WORK ORDER ->
Please copy the lines below, exactly as they are, from the one with "Khao Sok Jasmine" through the one with "Chaco Women's Z2", and leave out the pictures.

Items from a dataset
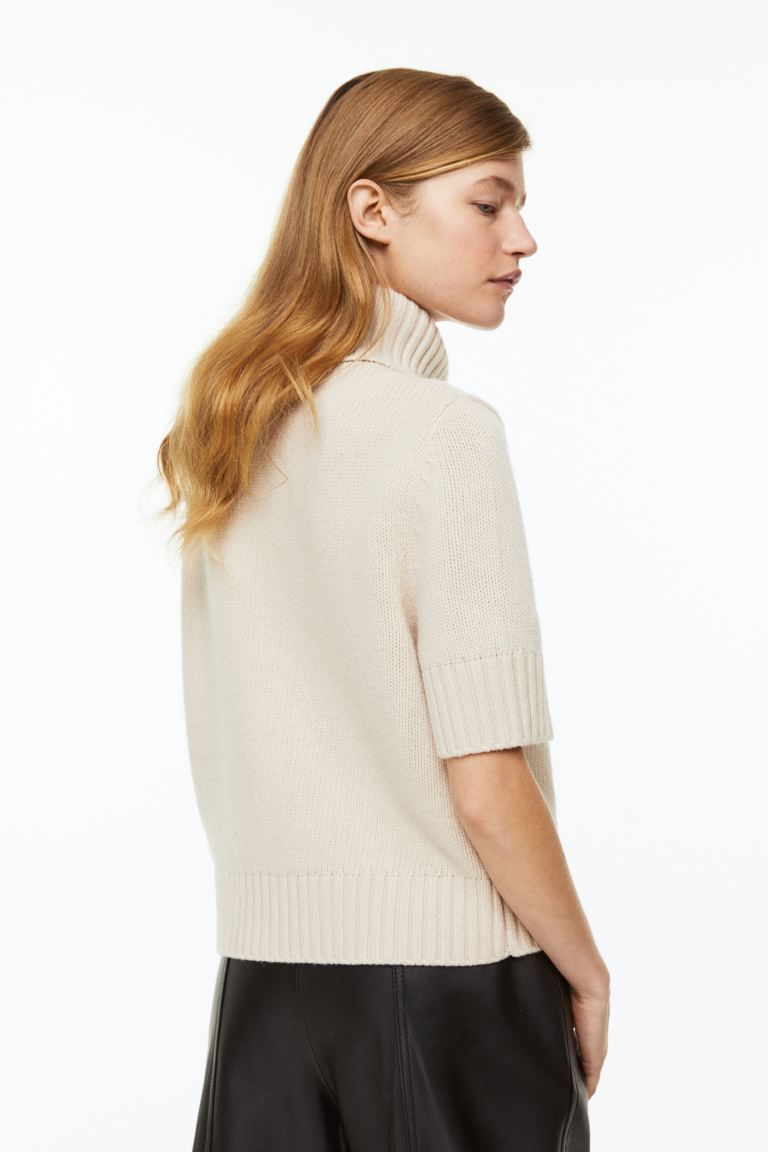 Cashmere-blend polo-neck top | H&M (UK, MY, IN, SG, PH, TW, HK)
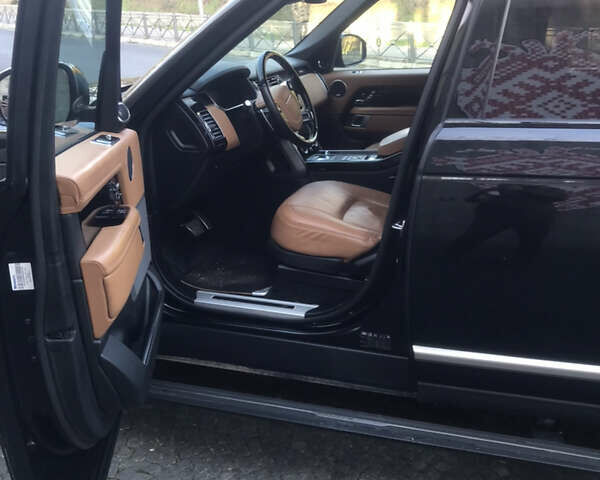 Черный Ленд Ровер Рендж Ровер, объемом двигателя 3 л и пробегом 115 тыс. км за 110000 $, фото 2 на Automoto.ua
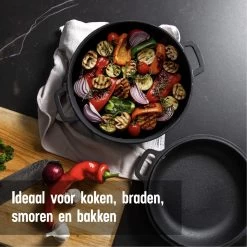 Daumonet Ducasse Gietijzeren Double Use Braadpan - Combi Sudderpan Zwart - 2-in-1 Bak- En Braadpan - PFAS & PFOA Vrij - Rond - Ø 26 Cm - 4,4 Liter - Emaille - Alle Warmtebronnen - Elektrisch - Gas - Halogeen - Inductie - Keramisch -Thuiskeuken 1200x1200 570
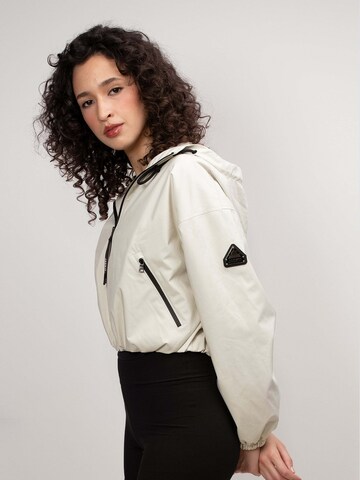 Giacca per outdoor ' Orpheus Cropped ' di JACK1T in bianco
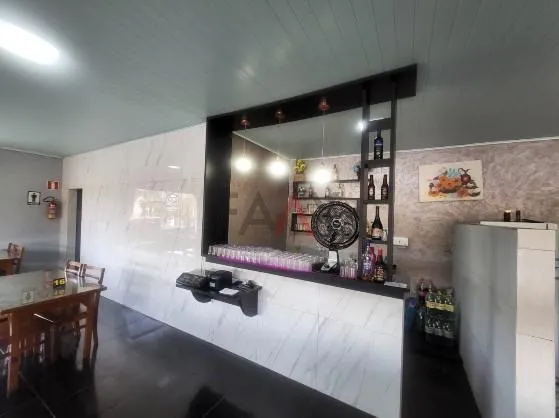 Imagem Imóvel Comercial a venda, atualmente com restaurante em funcionamento.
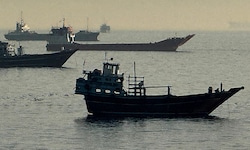 Kein Schiff könne die Straße von Hormuz passieren, ohne die iranischen Vorschriften einzuhalten, ...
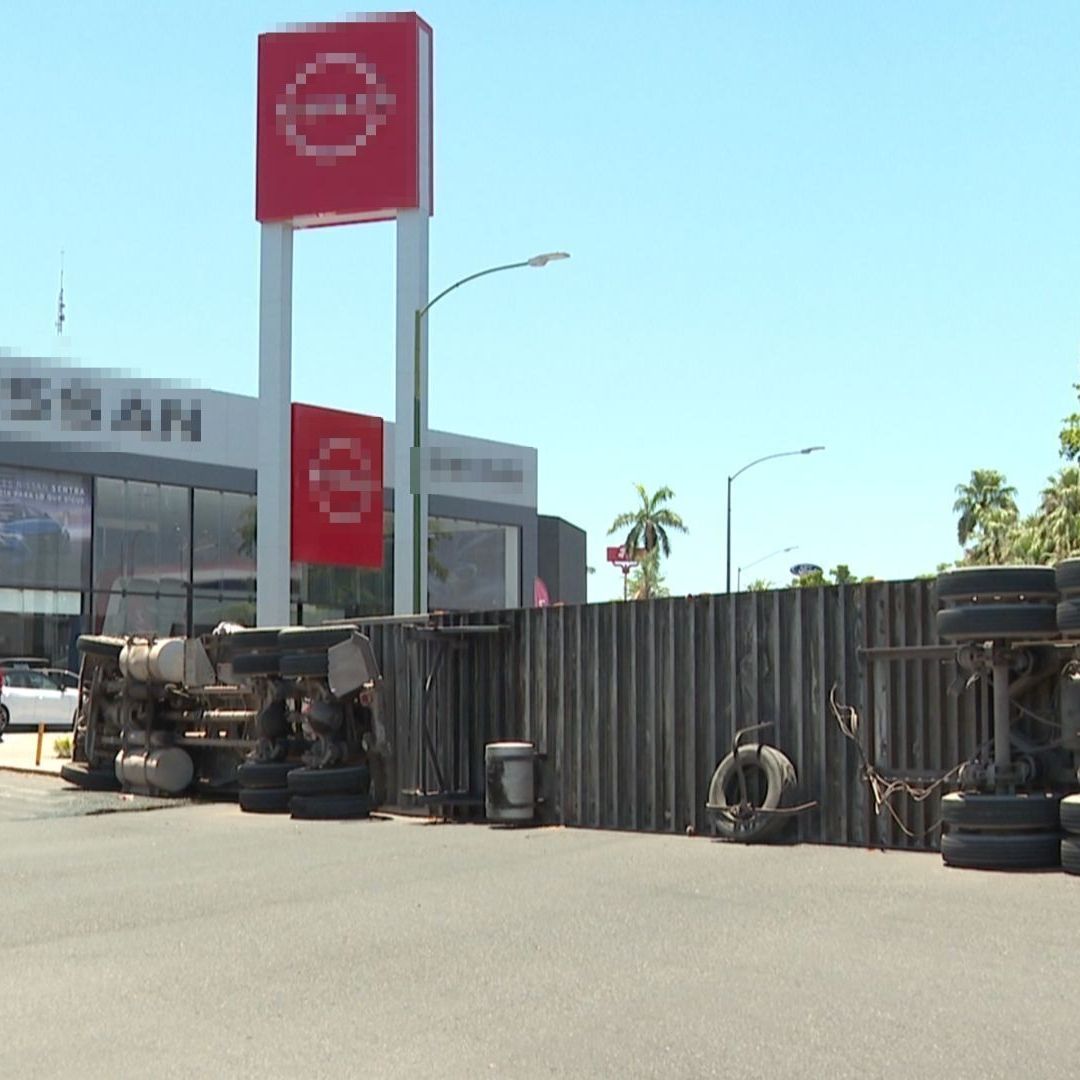Volcamiento de Tráiler en Bulevar Morelos Ocasionó Cierre de Vialidades; Esto Pasó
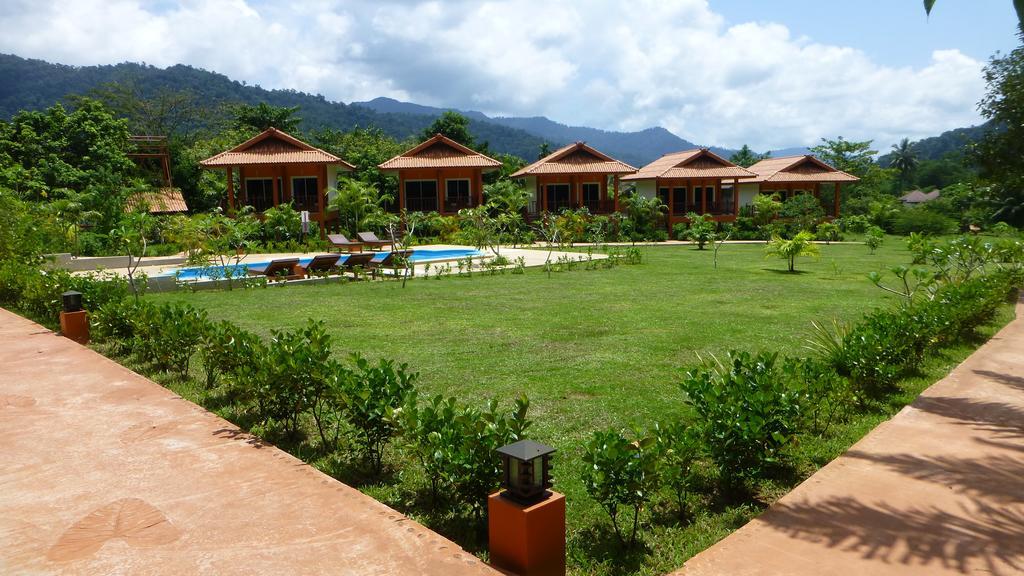 Khao Sok Jasmine Garden Resort - Sha Certified Khao Sok National Park Buitenkant foto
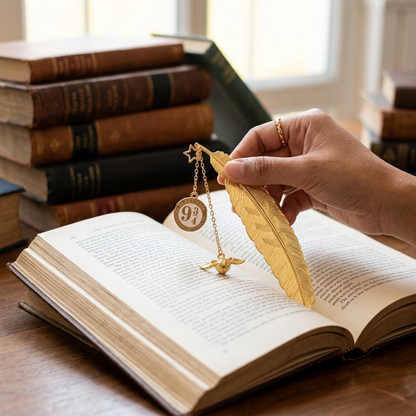 Marque-page Harry Potter Vif d’Or – Plume & Pompon Maisons Poudlard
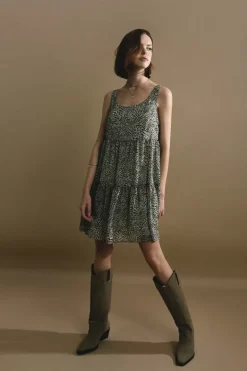 Robe courte évasée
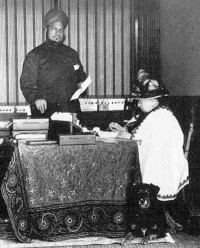 År 1887 anställde drottning Viktoria, också kejsarinna av Indien, Abdul Karim, muslim från Indien som kypare. Han blev snart ”munshi” och det påstods att han var spion för Muslimska patriotiska förbundet. Viktoria avvisade det som rasistiska fördomar.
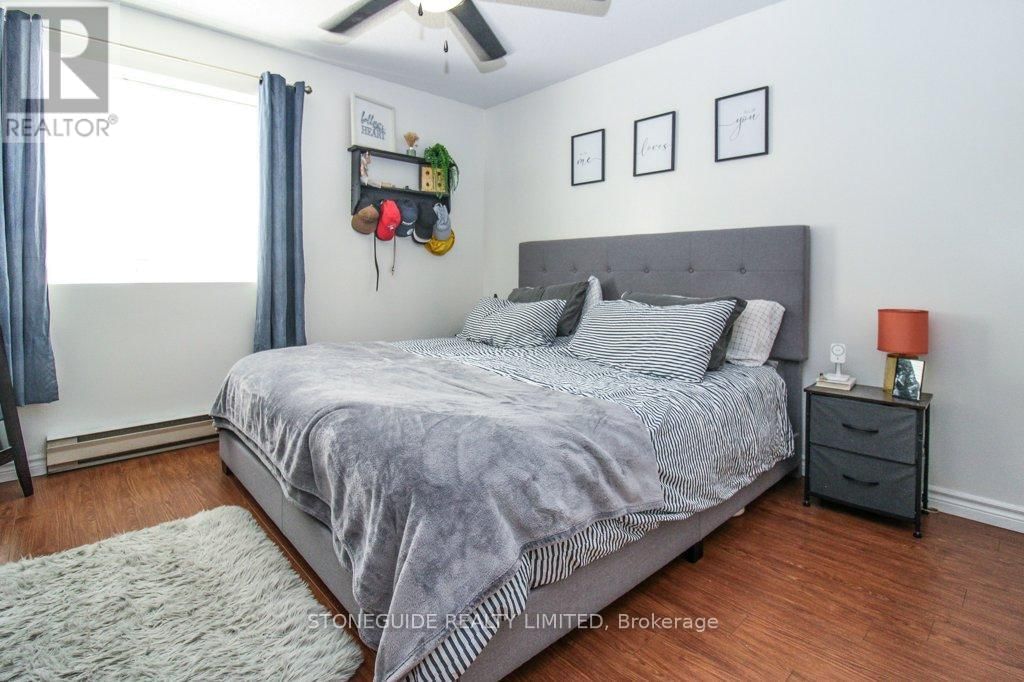 113 - 475 PARKHILL ROAD WEST Image 21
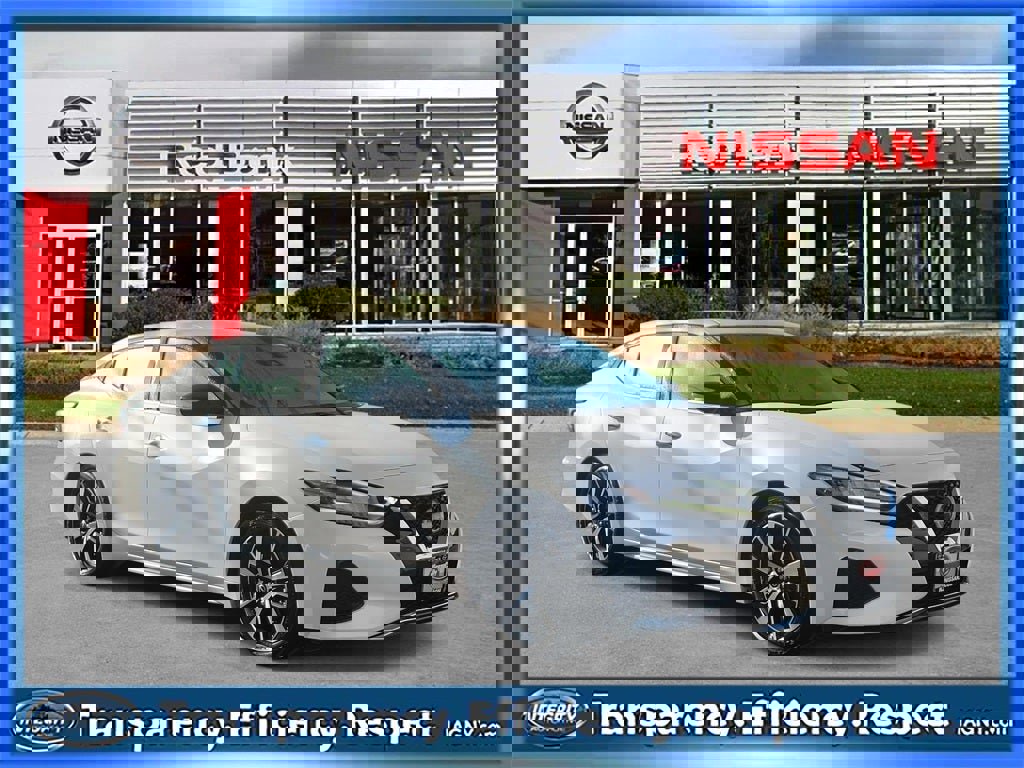 Certified 2023 Nissan Maxima SV w/ Floor Mat Group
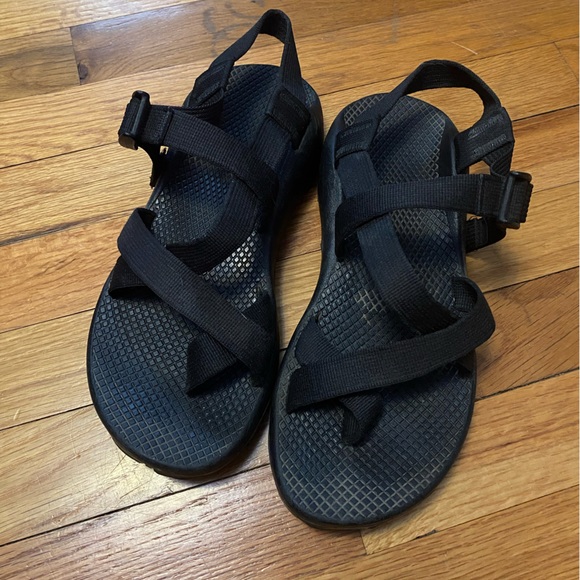 Chaco Women's Z2 Classic Athletic Sandal | Size 9 - Picture 2 of 4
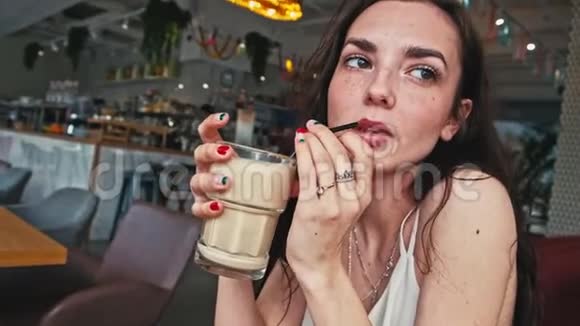 严肃的女孩在时髦的自助餐厅喝咖啡视频的预览图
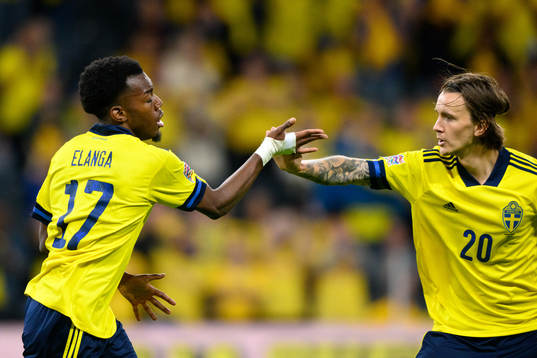 Anthony Elanga and Kristoffer Olsson celebrates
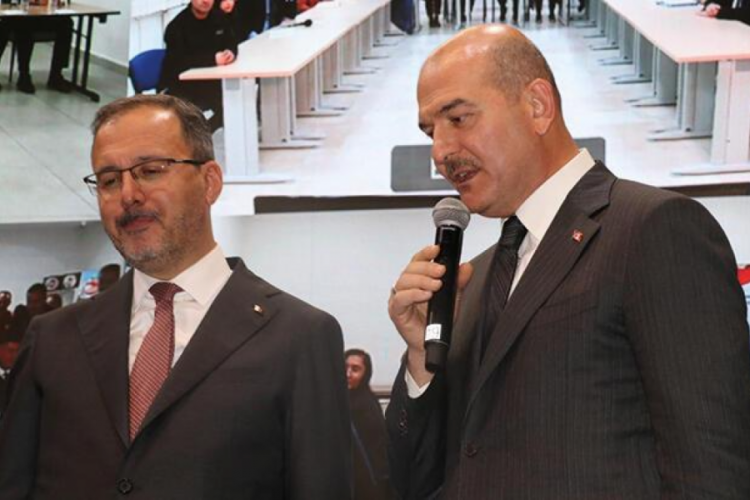 T&uuml;rkiye genelinde &ouml;ğrenci yurtlarında eş zamanlı deprem tatbikatı d&uuml;zenlendi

YOUR RESPONSE ->
 Khao Sok Jasmine Garden Resort - Sha Certified Khao Sok National Park Buitenkant foto
 Marque-page Harry Potter Vif d’Or – Plume & Pompon Maisons Poudlard
 Robe courte évasée
 År 1887 anställde drottning Viktoria, också kejsarinna av Indien, Abdul Karim, muslim från Indien som kypare. Han blev snart ”munshi” och det påstods att han var spion för Muslimska patriotiska förbundet. Viktoria avvisade det som rasistiska fördomar.
 113 - 475 PARKHILL ROAD WEST Image 21
 Certified 2023 Nissan Maxima SV w/ Floor Mat Group
 Chaco Women's Z2 Classic Athletic Sandal | Size 9 - Picture 2 of 4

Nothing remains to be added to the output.